Goodman adds that a frequently overlooked aspect of this report and others published by Dartmouth is that hospitals with higher readmission rates tend to have higher admission rates in the first place.

"Part of this is explained by the way healthcare systems have invested and the way they've built themselves over the years, like how many intensive care unit beds and hospital beds they have, and how many hospital beds they have, rather than whether the community has built up good community care capacity," he says.

These aspects of healthcare are "distinctive patterns that are often invisible to the hospital and doctors themselves, and certainly to the patient, but they're very powerful."

"It's not just a matter of whether the nurse calls the patient up after they leave the hospital in the first 30 days to make sure they're taking their medication," Goodman continues. "There really needs to be some broader changes, in terms of whether systems are building hospital care or building community care."

"There's no question that our reimbursement systems tend to favor payment for care that occurs in a hospital.
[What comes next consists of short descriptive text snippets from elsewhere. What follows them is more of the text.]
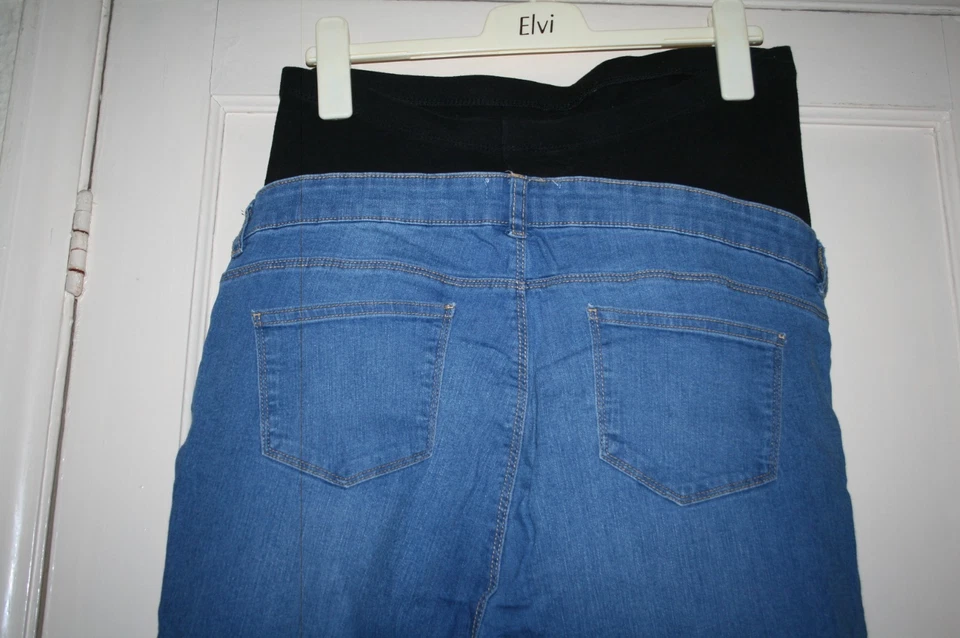 SIZE 14 MATERNITY DOROTHY PERKINS BLUE SKINNY JEANS WITH STRETCH  29" LEG - Image 4 of 4
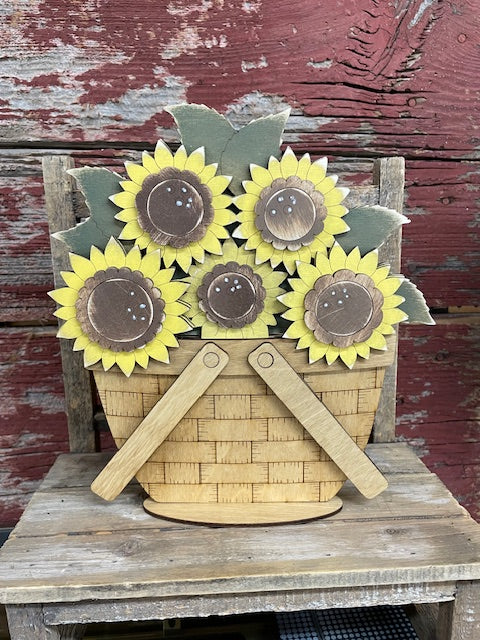 Basket or Wagon Sunflower Interchangeable Insert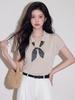 2026 Summer Elegant Kochi Knit Top: Minimalist Old Money Style Short Sleeve Women's Niche Design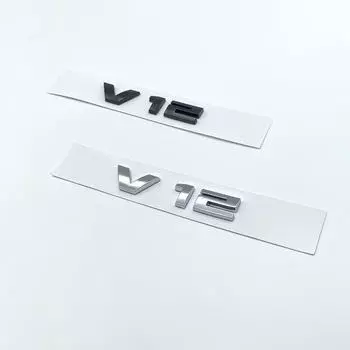 Новый 3D шрифт, цифры, буквы v12, эмблема для BMW M760i серии F01 F02 G11 G12, табличка на багажник автомобиля, наклейка с логотипом, черный хром V12(1pcs) серебряный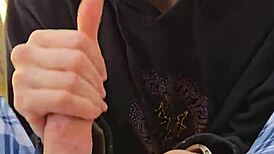 Skinny Amateur Wife Enjoys a Smoke While Giving a Sloppy Blowjob with Cum in Mouth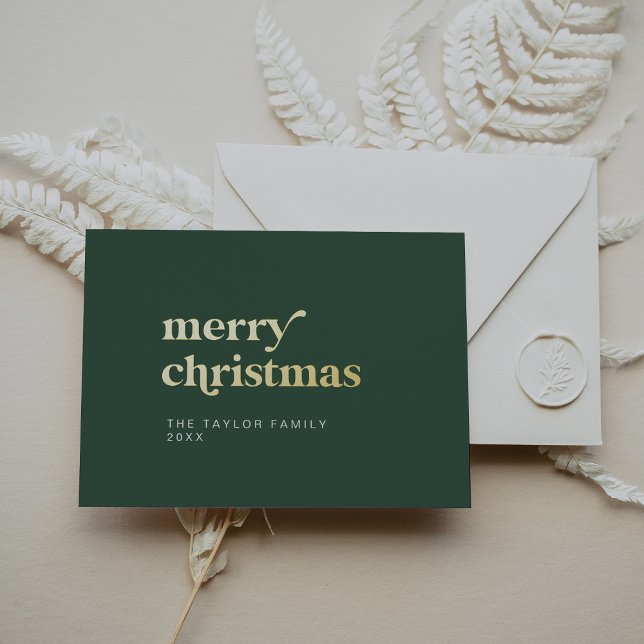 Tarjeta Festiva Con Relieve Metalizado EMERY Green Relieve metalizado Retro Diversión Sim (EMERY Green Foil Retro Fun Simple Merry Christmas Foil Holiday Card)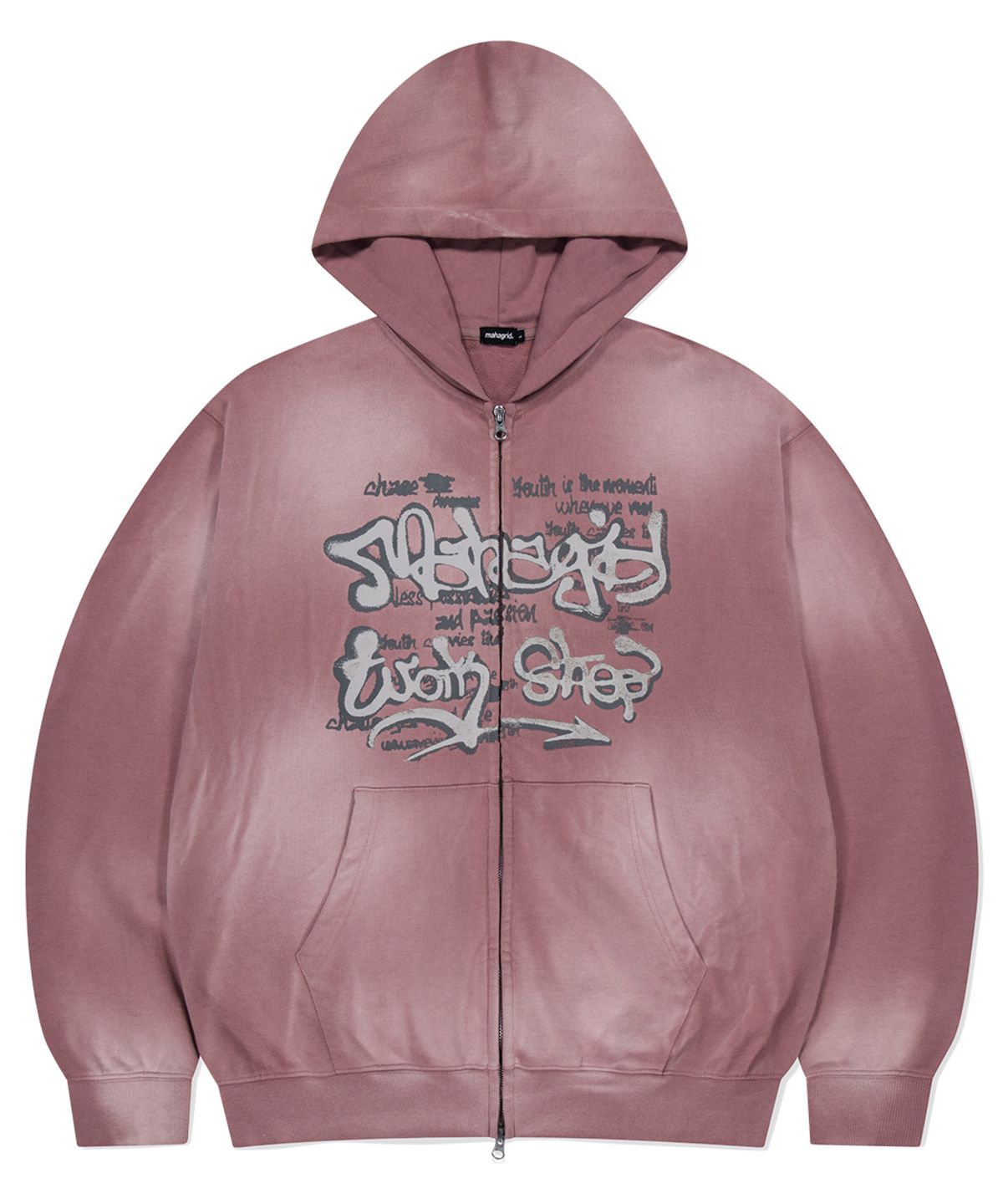 마하그리드(MAHAGRID) SPRAY GRAFFITI ZIP UP HOODIE PINK(MG2EFMM493A)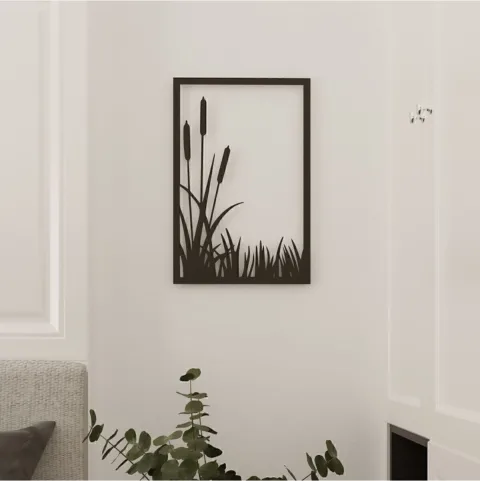 Tilly Tableau mural en métal découpé au laser CNC Roseaux 30*45 TIL8-b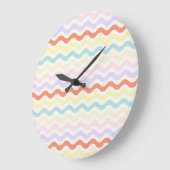 Modern Minimalist Scalloped Pastel Waves Linear Große Wanduhr (Winkel)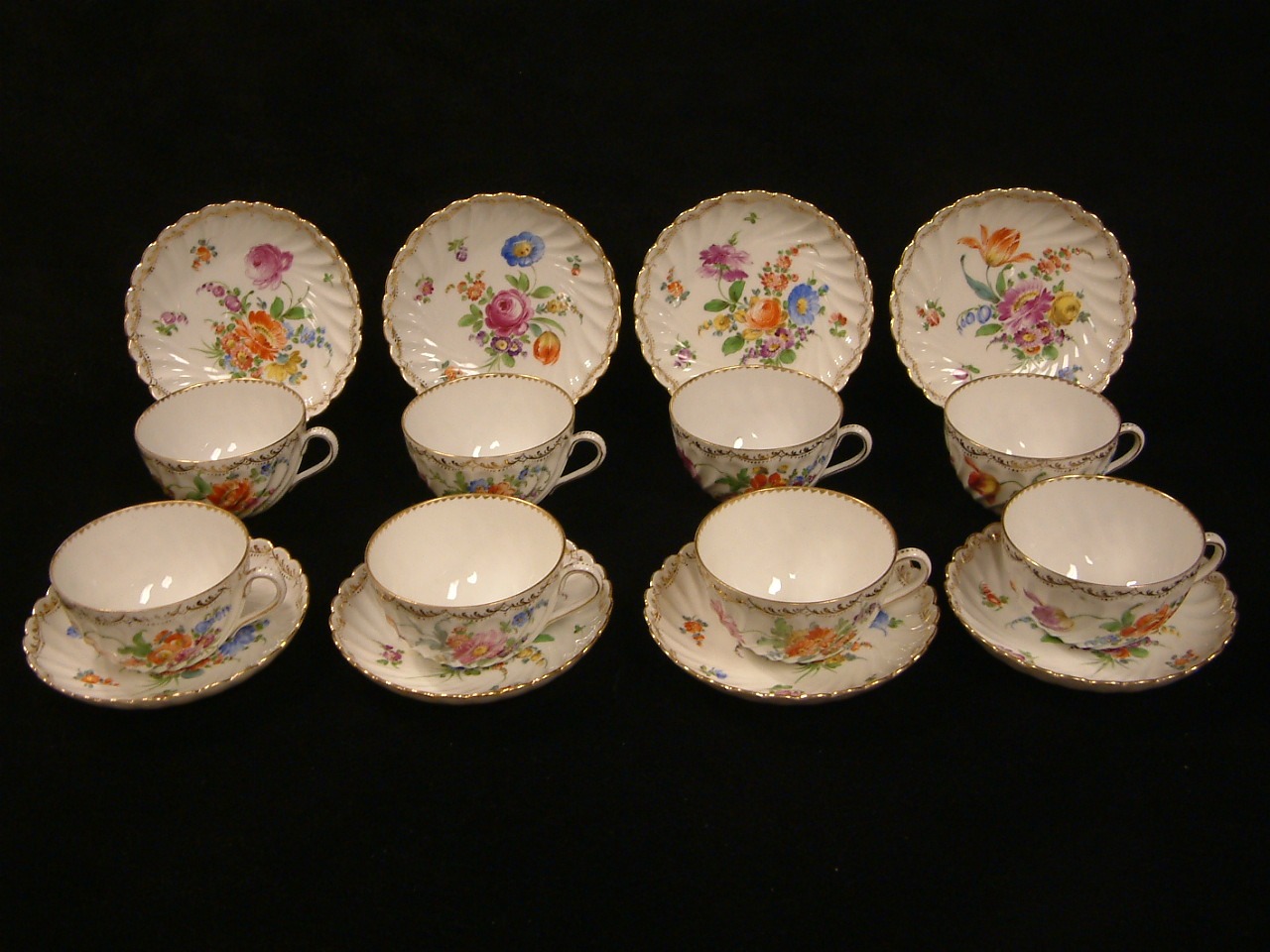 Dresden Richard Klemm 8 Cups / Saucers – Salado Creek Antiques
Though many would agree that is payment for volume and payment for inpatient care that is irrational today, those are the systems largely still in effect."

The latest report differs significantly from others in that it includes interviews with physicians who are frustrated with the system, and with patients about why they were readmitted and what they think went wrong.

"Some doctors feel they are caught in a squeeze play," the report says. "Hospital administrators carefully monitor length of stay—they are eager to send people home because the longer a patient stays, the less money they make. Thus providers said that the prevailing pressure is to discharge patients as early as possible" even if it's too soon.

"So now [they tell you], 'Doctor, you cannot keep that patient,' "a New York family practice physician explained. " 'Are you having the patient on any IV solutions? No? The patient is drinking, the patient is on pills. The patient has to go home.' So it's a lot of pressure also from the hospital to send him home."

On the patient side, the report criticized hospitals for "not being good learning environments" for many patients interviewed. "The patients tried to absorb all of the information and instruction they received, but found it hard to retain anything. They were tired, ill, and their minds foggy with medications. When they reflected back on the experience, some said they should have asked more questions or pushed for more time with their doctor."

Many patients said they were just too unsure of what to ask.